Harry Redknapp’s brief reign as Birmingham manager ended on this day in 2017 after the club responded to a dreadful start to the new season.

Redknapp was recruited at the tail end of 2016-17 with the aim of keeping the Blues in the Championship, an achievement he managed with wins over Huddersfield and Bristol City in the last two games.

But having been given the funds to rebuild the squad during the summer, the 70-year-old oversaw a run of six consecutive losses with a 3-1 home defeat to Preston convincing the board to terminate his contract.

Birmingham City were the seventh and final club managed by Harry Redknapp
Birmingham were the seventh and final club managed by Harry Redknapp (Zac Goodwin/PA)

It was only his 13th game in charge and Redknapp departed claiming he had been well placed to steer Birmingham back into the Premier League – had he been given more time.

“I’m disappointed.

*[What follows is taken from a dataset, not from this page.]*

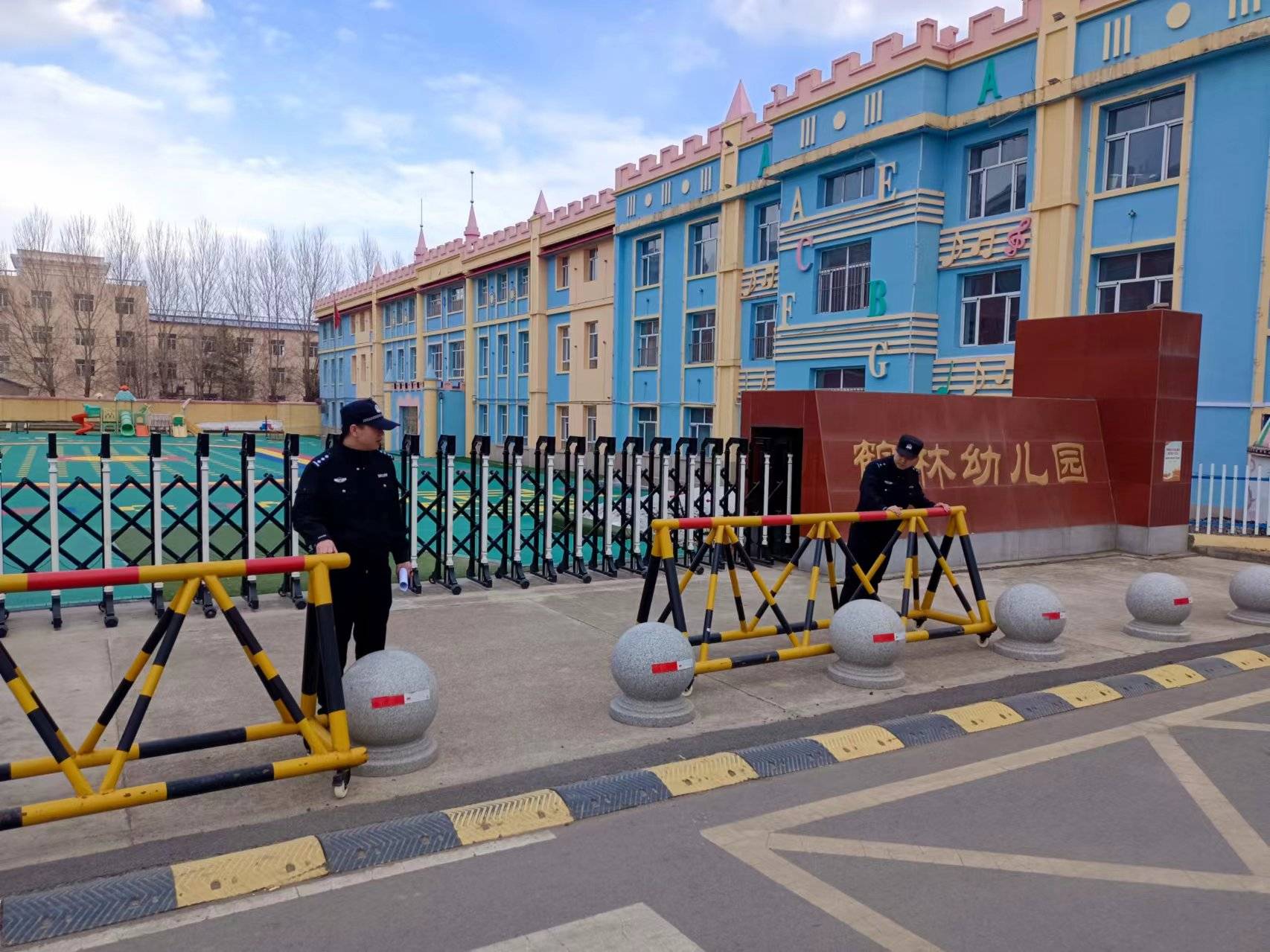 实地查看监控设施,消防设施,用火,用电,用气设施是否符合安全规定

It’s been difficult because I’ve had one week with a new team and new players. One week,” said Redknapp, who spent £14million on 20 players during the transfer window.

“It takes time to build a football team, not one week. And I still felt that given time I would have given them a team that would have been challenging for promotion, I had no doubt about that.”

It ended a 34-year career in management that began with Bournemouth in 1983 and took in successful spells at West Ham, Portsmouth and Tottenham among his seven clubs – plus two games in charge of the Jordan national team.

Harry Redknapp lifts the FA Cup with Portsmouth
Redknapp lifts the FA Cup with Portsmouth (Rebecca Naden/PA)

He led the Hammers to fifth in the Premier League, won an Intertoto Cup and qualified for the UEFA Cup, while handing senior debuts to the likes of Rio Ferdinand, Joe Cole, Michael Carrick and Redknapp’s nephew Frank Lampard.

He earned promotion to the Premier League in his first spell with Portsmouth and won an FA Cup in his second, either side of a stint with fierce rivals Southampton, and took Spurs from relegation danger under Juande Ramos to consistently European qualification and a Champions League quarter-final. While there, he was named Premier League manager of the year for the 2009-10 season.